We Hold These Truths
As Mankind become more liberal, they will be more apt to allow that all those who conduct themselves as worthy members of the community are equally entitled to the protections of civil government. I hope ever to see America among the foremost nations in examples of justice and liberality.
George Washington
Scholars seek to separate the man from the myth, but at one level the myth matters more. Truth-teller; citizen-soldier; reluctant leader who esteemed his country's needs above his own; devoted husband; teacher of children; square-jawed; independent-minded; gentle-hearted; unutterably wise; and possessed of a generous spirit: George Washington stands together with our flag, Liberty Bell, Statue of Liberty, and Declaration of Independence as one of this nation's most evocative and inspirational icons.
The story of a boy holding an axe next to a fallen cherry tree while confessing to his father "I cannot tell a lie" has surely inspired as much youthful truth-telling as any in our national canon. That he was a far better president than general (in sharp contrast to Ulysses S. Grant and Dwight David Eisenhower) subtracts nothing from the stirring image of a wind-blown hero standing in a tiny boat spiriting his men across the Delaware. Nor should we care that his classic jaw resulted from a
bad set of wooden false teeth, or even that his fidelity to Martha may well have been exaggerated.
On the other hand, given the power we invest in his image, it does matter that Washington's beliefs not be misrepresented. Anyone who cashes in on "the father of our country" to advance narrow, sectarian values desecrates his memory and our history. The truth is that George Washington, together with Thomas Jefferson and James Madison, should rank near the top of anybody's list of famous liberals.
Here we could do with a few facts. Given the recent upsurge of religious bigotry, Washington's oft-stated concern that "Of all the animosities which have existed among mankind, those which are caused by a difference of sentiments in religion appear to be the most inveterate and distressing, and ought most to be deprecated" is prescient. He was referring to his own neighbors. Upon leaving office, Washington's deepest regret concerned sectarian Christian rivalries. Invoking the liberal spirit (Washington employed the L word more often than any of our founders), he sadly confessed, "I was in hopes, that the enlightened and liberal policy, which has marked the present age, would at least have reconciled Christians of every denomination so far, that we should never again see their religious disputes carried to such a pitch as to endanger the peace of society." In this respect, he stands at the source spring of our experiment in freedom and democracy, and should be numbered not only among our nation's founders but also among its most avid protectors. As one early biographer put it, "As long as the ideals and principles championed by George Washington hold a dominant place in the hearts of the American people, religious liberty will remain secure."
During his term as president, Washington penned numerous letters to Catholics, Jews, and Protestant sectarians, confirming their rights of conscience. To the General Committee representing the United Baptist Churches in Virginia, he wrote that "Every man, conducting himself as a good citizen, and being accountable alone to God for his religious opinion, ought to be protected in worshipping the Deity according to the dictates of his own conscience." There is nothing perfunctory here. Washington was worried.

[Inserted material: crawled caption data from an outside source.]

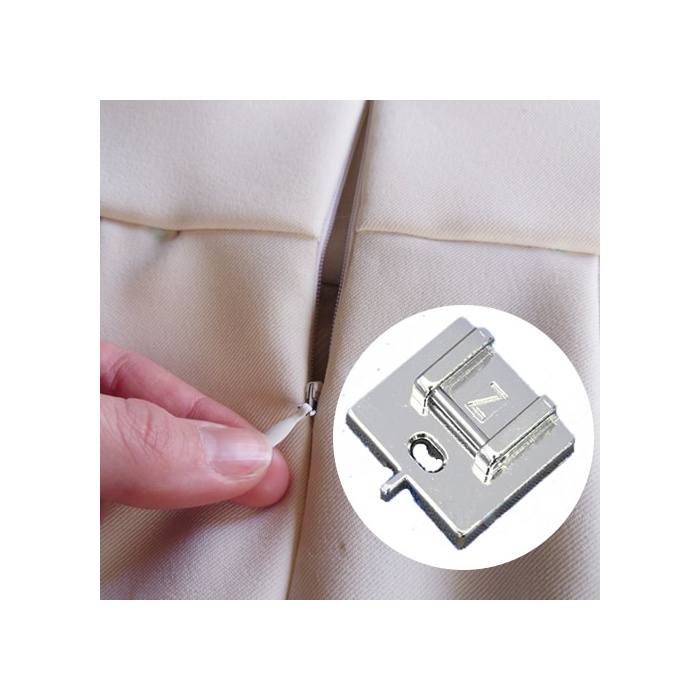 Janome Concealed Invisible Zipper Foot for 9mm Models (202144009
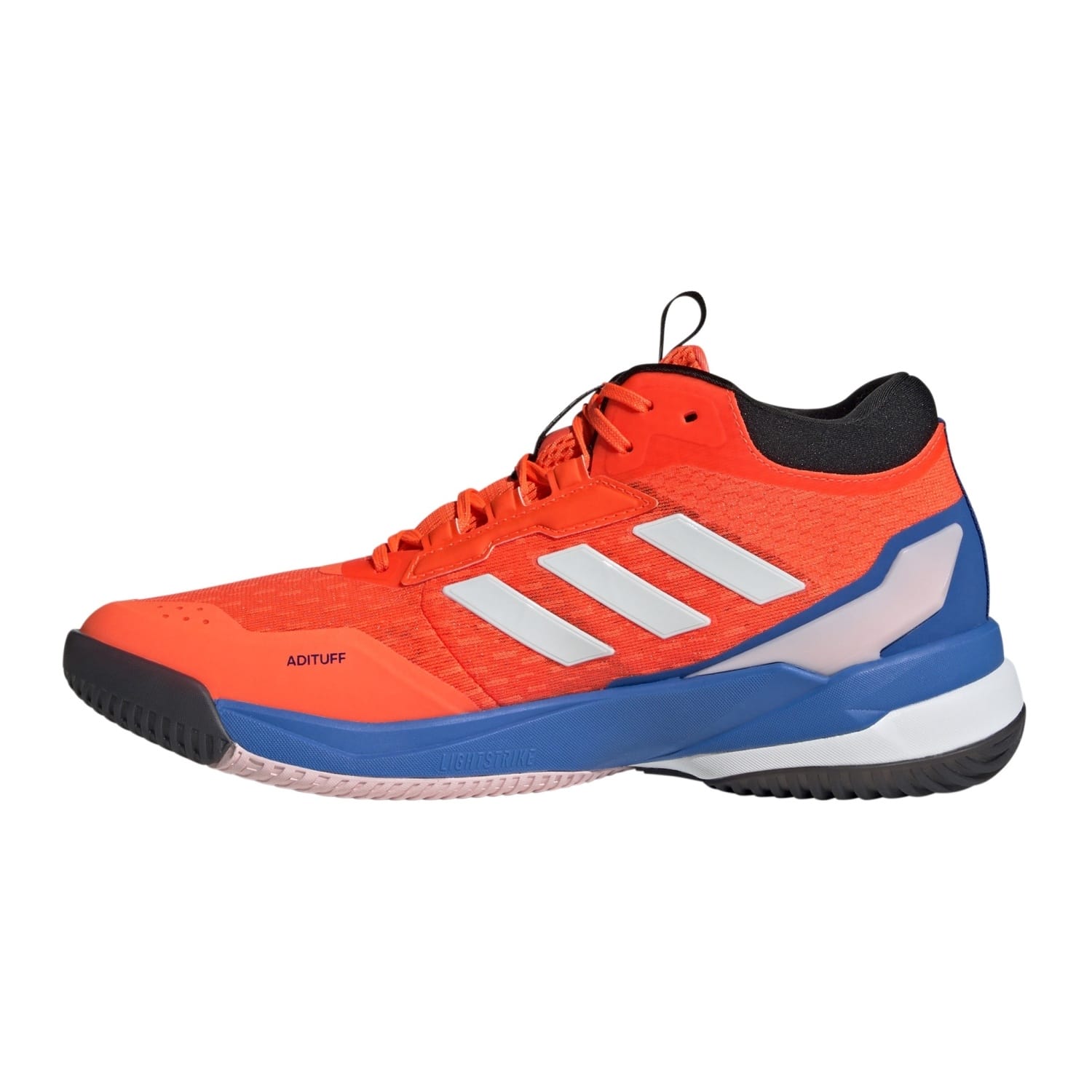 Botas Indoor Crazyflight 6 Mid M Adidas Laranja-4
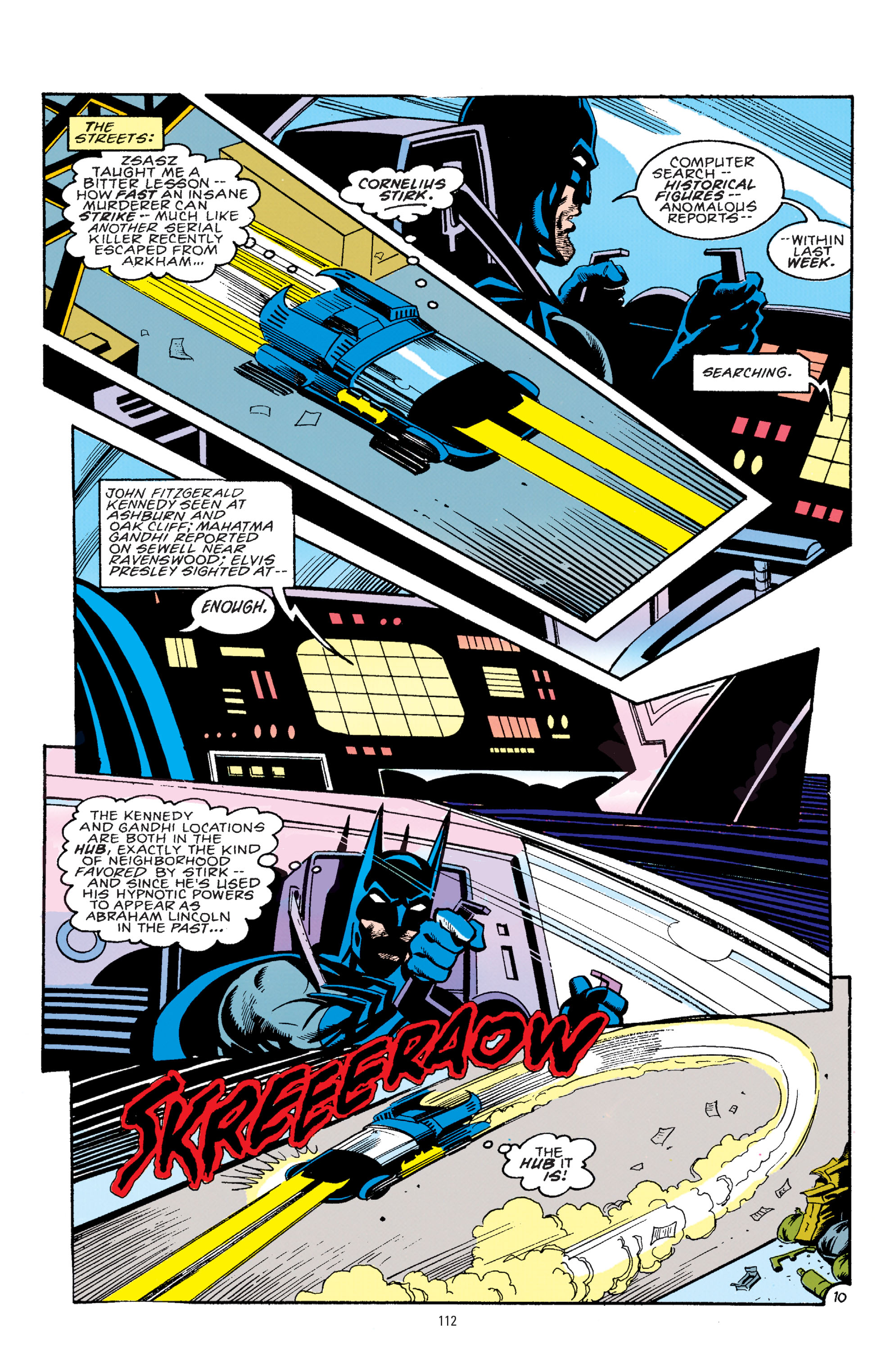 Batman: Knightfall (TPB Collection) (2018) issue 2. Batman - Knightfall - 25th Anniversary Edition Vol. 1 - Page 112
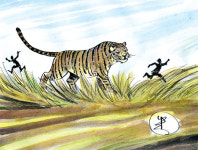 고래드 마을의 개들 ⑦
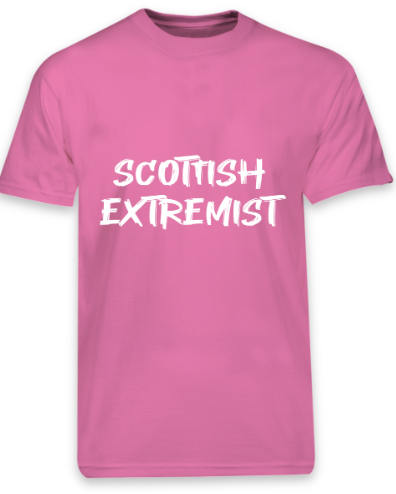 Gents Scottish Extremist T-Shirt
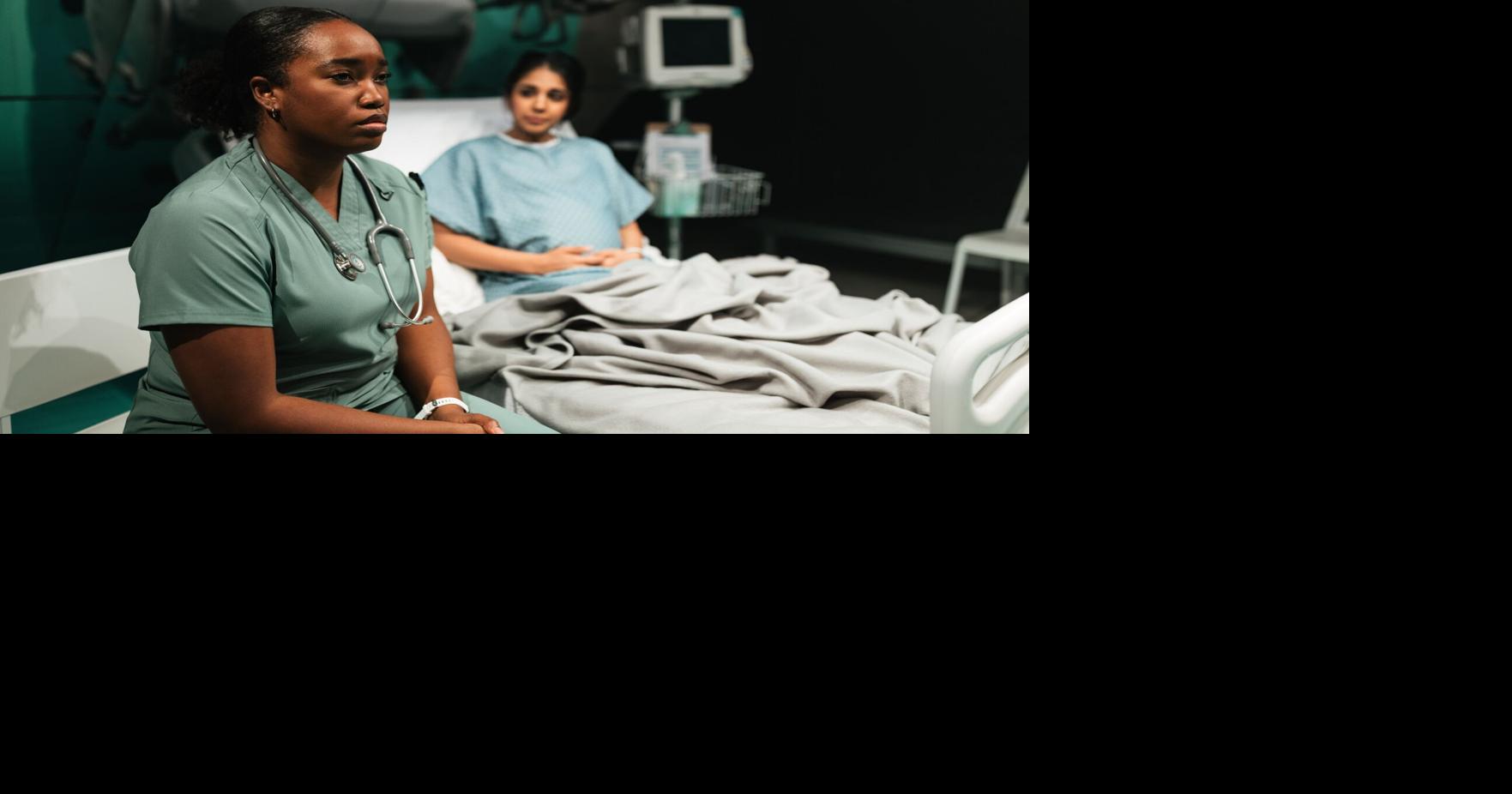 A surrogate pregnancy goes off the tracks. And so does this legal thriller at Crow's Theatre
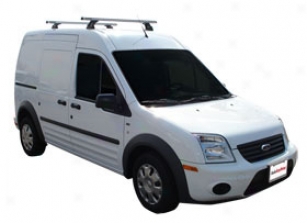 2012 Wading-place Transit Connect Rhinl-rack Ford Transit Connect Roof Rack Rlz02 3-bar System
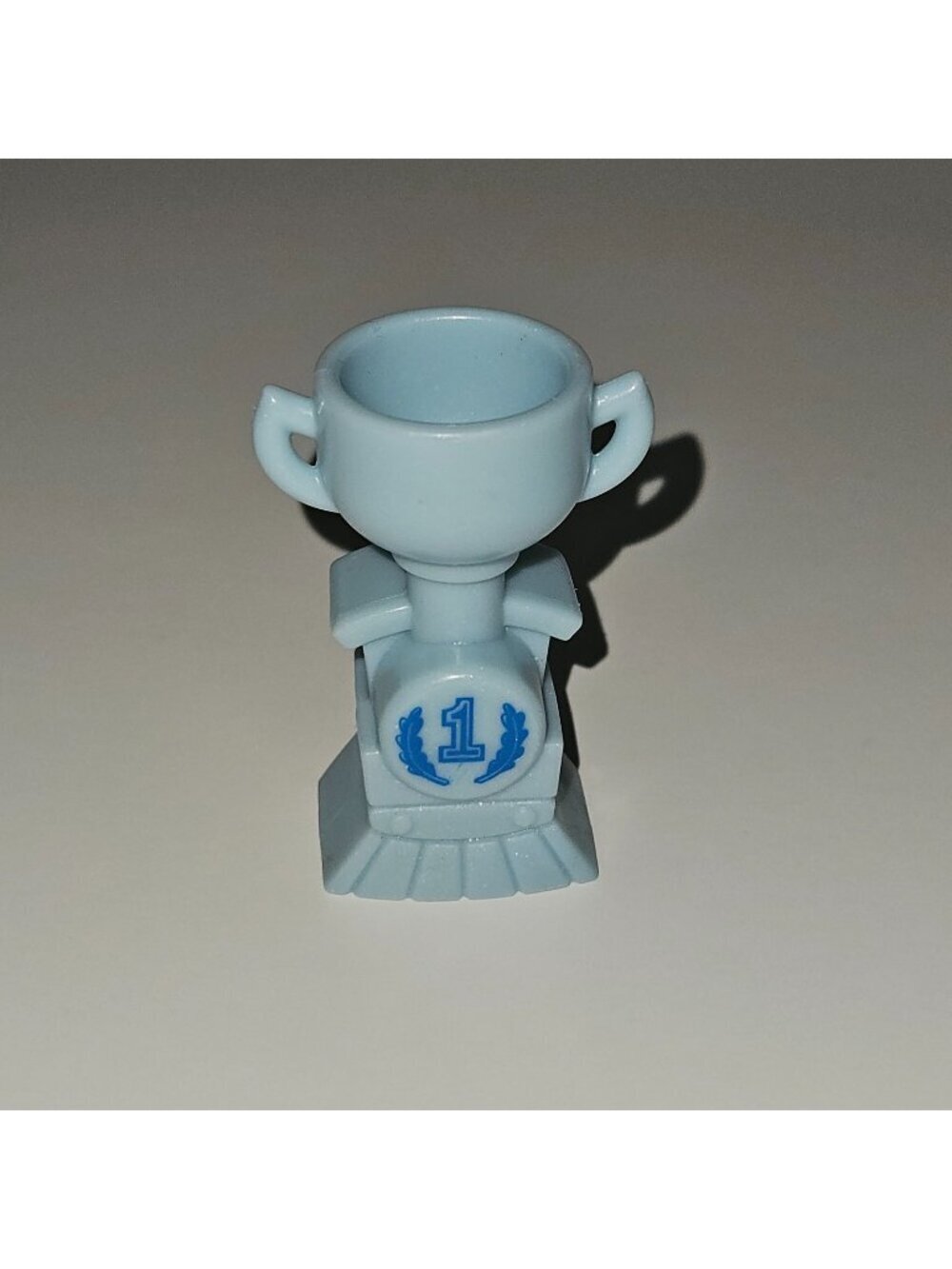 Thomas Friends Race for Sodor Cup REPLACEMENT TROPHY ONLY Small 2" Blue Plastic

If I could have entertained the slightest apprehension, that the constitution framed in the convention, where I had the honor to preside, might possibly endanger the religious rights of any ecclesiastical society, certainly I would never have placed my signature to it; and, if I could now conceive that the general government might ever be so administered as to render the liberty of conscience insecure, I beg you will be persuaded, that no one would be more zealous than myself to establish effectual barriers against the horrors of spiritual tyranny, and every species of religious persecution.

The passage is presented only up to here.